**What this task involves:**
All entries are to be copied verbatim, while the pictures stay out.

*** Begin section ***

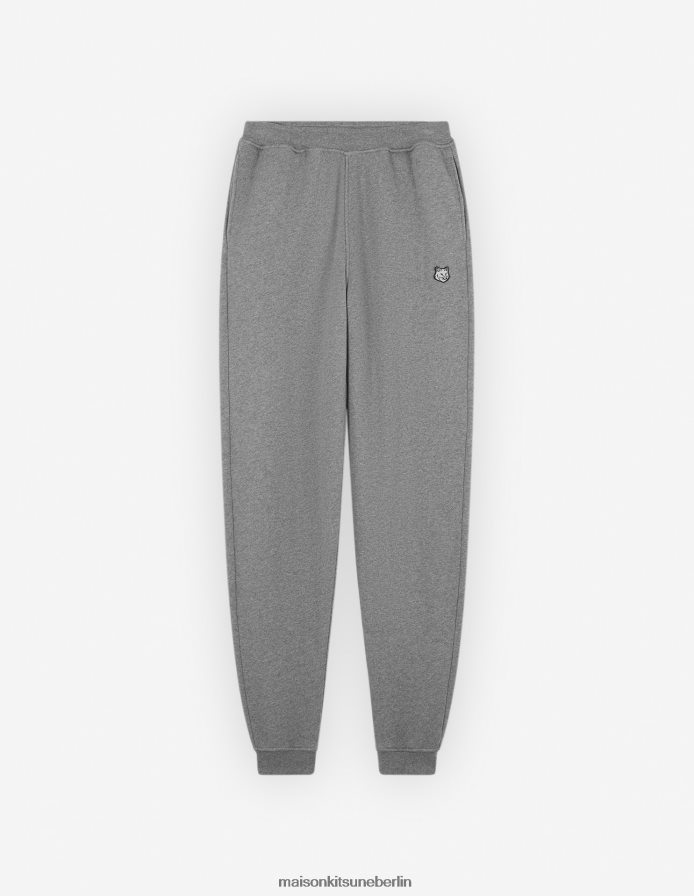 Kleidung V2DHL481 mittelgraue Melange Frauen Normale Jogginghose mit auffälligem Fuchskopf-Patch Maison Kitsune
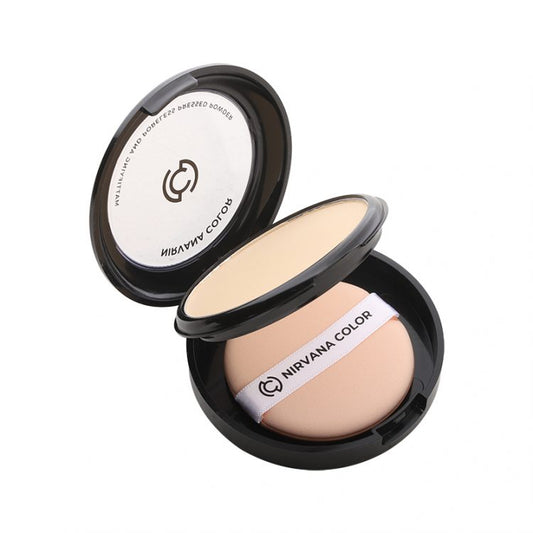 Nirvana Color Mattifying and Poreless Pressed Powder - Light Beige (15gm)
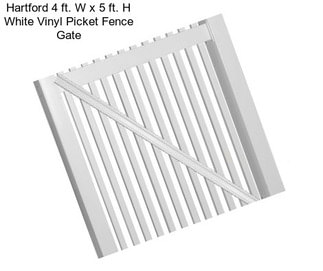 Hartford 4 ft. W x 5 ft. H White Vinyl Picket Fence Gate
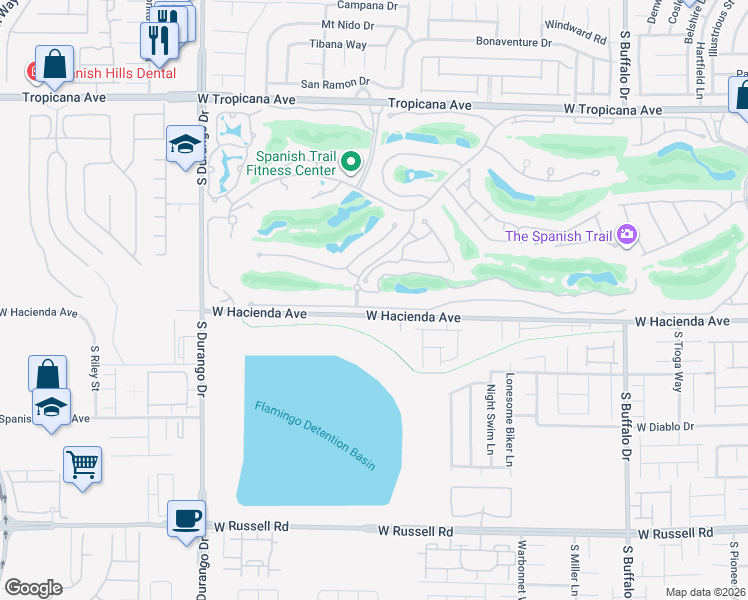 map of restaurants, bars, coffee shops, grocery stores, and more near 12 Innisbrook Avenue in Las Vegas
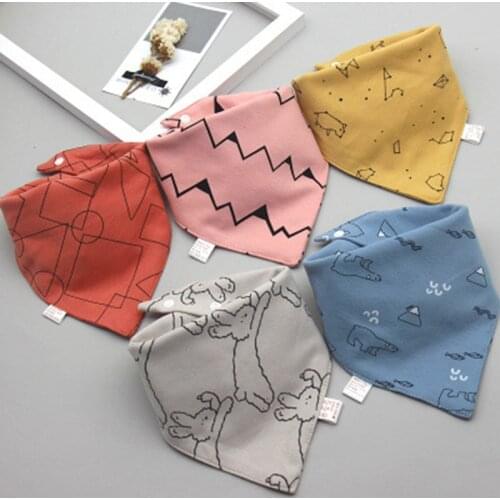 Baby Bibs Triangle Double Cotton Bibs 5 pieces/lot Cartoon Print Saliva Towel Baby Boys Girls Feeding Apron Cotton Bandana Bibs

*** End section ***

**Solution to the problem:**
 Kleidung V2DHL481 mittelgraue Melange Frauen Normale Jogginghose mit auffälligem Fuchskopf-Patch Maison Kitsune
 Nirvana Color Mattifying and Poreless Pressed Powder - Light Beige (15gm)
 Hartford 4 ft. W x 5 ft. H White Vinyl Picket Fence Gate
 map of restaurants, bars, coffee shops, grocery stores, and more near 12 Innisbrook Avenue in Las Vegas
 Baby Bibs Triangle Double Cotton Bibs 5 pieces/lot Cartoon Print Saliva Towel Baby Boys Girls Feeding Apron Cotton Bandana Bibs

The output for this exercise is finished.